Sayfalar

7 Şubat 2015 Cumartesi

Kadınlar artık erkekleşti

Hürriyet'ten Hakan Gence, Serçe Sarayı ile ekrana dönmeye hazırlanan Songül Öden ile buluştu.. İşte o röportaj...

Demir leblebi gibi... Ağzından laf almak çok zor. Kendisi de bunu biliyor ki söyleşimize başlarken “Yine laf alamayacaksın” diye bana takıldı. Ama anlattıkça açıldı; açıldıkça anlattı. Yeni dizisi ‘Serçe Sarayı’yla yakında ekranlara dönecek olan güzel oyuncu Songül Öden’le canlandırdığı karakterlerin izini geçmişinde sürdük.

Ortadoğu ve Arap ülkelerinde prenses gibisiniz... Evlenme teklifleri falan geliyor mu?
- Seviyorlar. Beğendikleri kişinin onların akrabası, karısı, kardeşi olmasını istiyorlar. Sanırım sevgilerini gösterme biçimi bu ve çok samimiler.

Peki neden sizi bu kadar sevdiler? Ortadoğu tipi bir kadın mısınız?
- Bazen öyle bir iletişim kurarsınız ki seyirciyle, sadece dünyalı olursunuz onlar için. Bence canlandırdığım karakterleri hakiki buldular. Sonra onu benimle ilişkilendirdiler ve beni de kendilerine yakın gördüler.

9 yıldır ekrandasınız. Bu sektörden ne öğrendiniz?
- Mücadeleci yanımı güçlendirdi. Daha profesyonel ilişkiler kurmayı öğretti.
Yakında Star’da yeni diziniz başlıyor. Mert Fırat’la karşılıklı oynuyorsunuz. Karakteriniz Serçe’nin ayırt edici özelliği ne?

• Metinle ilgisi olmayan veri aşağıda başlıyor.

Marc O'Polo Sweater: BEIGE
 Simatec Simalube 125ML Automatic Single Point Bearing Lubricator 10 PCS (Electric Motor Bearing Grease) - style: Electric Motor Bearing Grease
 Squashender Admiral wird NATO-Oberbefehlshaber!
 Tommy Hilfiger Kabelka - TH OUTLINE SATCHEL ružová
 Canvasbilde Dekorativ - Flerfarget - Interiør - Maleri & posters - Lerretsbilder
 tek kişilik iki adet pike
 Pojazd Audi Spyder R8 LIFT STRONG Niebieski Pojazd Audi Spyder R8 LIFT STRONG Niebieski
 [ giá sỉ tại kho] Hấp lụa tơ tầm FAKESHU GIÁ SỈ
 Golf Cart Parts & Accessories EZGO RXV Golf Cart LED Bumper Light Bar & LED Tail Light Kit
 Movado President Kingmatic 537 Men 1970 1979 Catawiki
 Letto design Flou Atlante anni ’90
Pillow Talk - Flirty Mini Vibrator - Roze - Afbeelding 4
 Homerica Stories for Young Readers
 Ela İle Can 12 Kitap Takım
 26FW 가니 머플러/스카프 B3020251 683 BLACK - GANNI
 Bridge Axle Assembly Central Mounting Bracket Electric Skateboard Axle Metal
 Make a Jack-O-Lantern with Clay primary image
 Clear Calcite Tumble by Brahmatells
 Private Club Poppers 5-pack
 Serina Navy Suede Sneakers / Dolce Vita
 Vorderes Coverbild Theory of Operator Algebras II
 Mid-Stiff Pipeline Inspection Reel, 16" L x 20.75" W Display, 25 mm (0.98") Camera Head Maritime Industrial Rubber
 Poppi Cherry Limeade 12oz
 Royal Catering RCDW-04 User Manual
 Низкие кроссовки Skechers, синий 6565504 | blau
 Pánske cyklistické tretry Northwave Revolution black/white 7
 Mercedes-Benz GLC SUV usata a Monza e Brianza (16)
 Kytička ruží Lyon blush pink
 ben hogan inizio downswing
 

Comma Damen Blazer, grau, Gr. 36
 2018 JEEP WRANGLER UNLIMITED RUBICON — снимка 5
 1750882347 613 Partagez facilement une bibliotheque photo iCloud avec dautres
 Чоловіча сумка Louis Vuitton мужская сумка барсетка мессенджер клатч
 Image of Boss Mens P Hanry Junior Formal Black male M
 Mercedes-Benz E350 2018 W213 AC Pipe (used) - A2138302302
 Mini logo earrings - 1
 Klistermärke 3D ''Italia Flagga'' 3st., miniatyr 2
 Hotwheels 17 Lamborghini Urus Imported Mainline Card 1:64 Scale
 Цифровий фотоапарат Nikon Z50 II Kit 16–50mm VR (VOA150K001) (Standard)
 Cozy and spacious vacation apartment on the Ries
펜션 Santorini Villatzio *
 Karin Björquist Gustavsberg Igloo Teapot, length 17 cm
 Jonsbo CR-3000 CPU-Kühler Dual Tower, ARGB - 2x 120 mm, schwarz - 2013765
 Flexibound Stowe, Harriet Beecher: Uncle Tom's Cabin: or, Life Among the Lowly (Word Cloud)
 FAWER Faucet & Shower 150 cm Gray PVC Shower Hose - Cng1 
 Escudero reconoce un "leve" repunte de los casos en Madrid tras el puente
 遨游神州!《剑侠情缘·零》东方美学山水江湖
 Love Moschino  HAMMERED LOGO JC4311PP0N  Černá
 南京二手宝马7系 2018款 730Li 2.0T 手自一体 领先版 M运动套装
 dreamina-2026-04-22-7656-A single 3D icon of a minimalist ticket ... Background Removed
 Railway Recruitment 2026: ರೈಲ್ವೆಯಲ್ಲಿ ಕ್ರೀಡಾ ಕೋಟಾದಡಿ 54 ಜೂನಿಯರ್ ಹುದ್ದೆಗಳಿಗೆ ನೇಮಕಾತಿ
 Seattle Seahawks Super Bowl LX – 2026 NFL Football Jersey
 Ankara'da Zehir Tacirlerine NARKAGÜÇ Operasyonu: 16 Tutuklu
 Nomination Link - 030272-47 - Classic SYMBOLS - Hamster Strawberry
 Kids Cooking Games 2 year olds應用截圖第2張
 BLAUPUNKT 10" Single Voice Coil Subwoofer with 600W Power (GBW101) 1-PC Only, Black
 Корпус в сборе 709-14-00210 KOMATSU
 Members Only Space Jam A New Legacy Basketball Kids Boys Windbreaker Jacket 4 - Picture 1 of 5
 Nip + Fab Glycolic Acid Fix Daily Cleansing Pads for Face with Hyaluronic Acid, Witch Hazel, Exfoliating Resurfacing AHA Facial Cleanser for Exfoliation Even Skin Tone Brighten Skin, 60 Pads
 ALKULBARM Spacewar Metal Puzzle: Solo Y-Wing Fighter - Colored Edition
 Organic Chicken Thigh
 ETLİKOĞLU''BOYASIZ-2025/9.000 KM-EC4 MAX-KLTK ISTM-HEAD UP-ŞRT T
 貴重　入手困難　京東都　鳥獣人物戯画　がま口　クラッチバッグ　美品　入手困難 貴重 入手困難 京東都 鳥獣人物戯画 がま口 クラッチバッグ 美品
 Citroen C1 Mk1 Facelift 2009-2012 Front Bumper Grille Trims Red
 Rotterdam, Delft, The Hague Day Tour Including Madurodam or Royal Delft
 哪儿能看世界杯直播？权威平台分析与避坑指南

- Diğer karakterlerime benzemiyor. Farklı. Serçe cüssesinde olup kartal gibi görünen bir kadın. Varoşta yaşayan genç ve arzulanan bir kadın olmanın zorluklarını görüyoruz. Ölmüş kocasının annesi de mahalledeki bakkal da ondan bir şeyler bekliyor. Bu yüzden sıkışmış. Buna rağmen geleceğe umutla bakıyor ve Allah’tan hayatın ona sürprizleri var.


Fragmanlarda göründüğü kadarıyla bizi ağır bir dram bekliyor. Sırrınız ağlatmak mı olacak?
- Hayır. İçinde ancak hayattaki kadar dram var. Sorduğun sorulara bazen gülüyorum ama bir yandan içimi acıtıyorlar. Hayatın gerçeği bu. Hem trajik hem komik. Zaten hikâye de gerçek.
Kimin hikâyesi?
- Senaryo ekibinden bir arkadaşımızın. Onlar da beş çocuk ve Erzincanlılar. Prefabrike bir evde yaşamışlar. Babası vefat ettikten sonra annesi o eve ‘Serçenin sarayı’ adını veriyor.
Siz de kalabalık bir ailede büyümüşsünüz...

- Evet, altı kardeştik. Beş kız, bir erkek... Diyarbakır’da doğdum ama Ankara’da büyüdüm.
Babanız erkek çocuk bulana kadar denemiş anlaşılan...

- Aslında ilk çocukları erkek. Ataerkil toplumda erkek çocuğun daha makbul olacağı, erki devam ettireceği düşüncesi yaygın olduğundan, abimden sonra da “Acaba erkek olur mu?” diye deneyip durmuşlar. Şimdi annem “İyi ki bu kadar çok kızım var” diyor.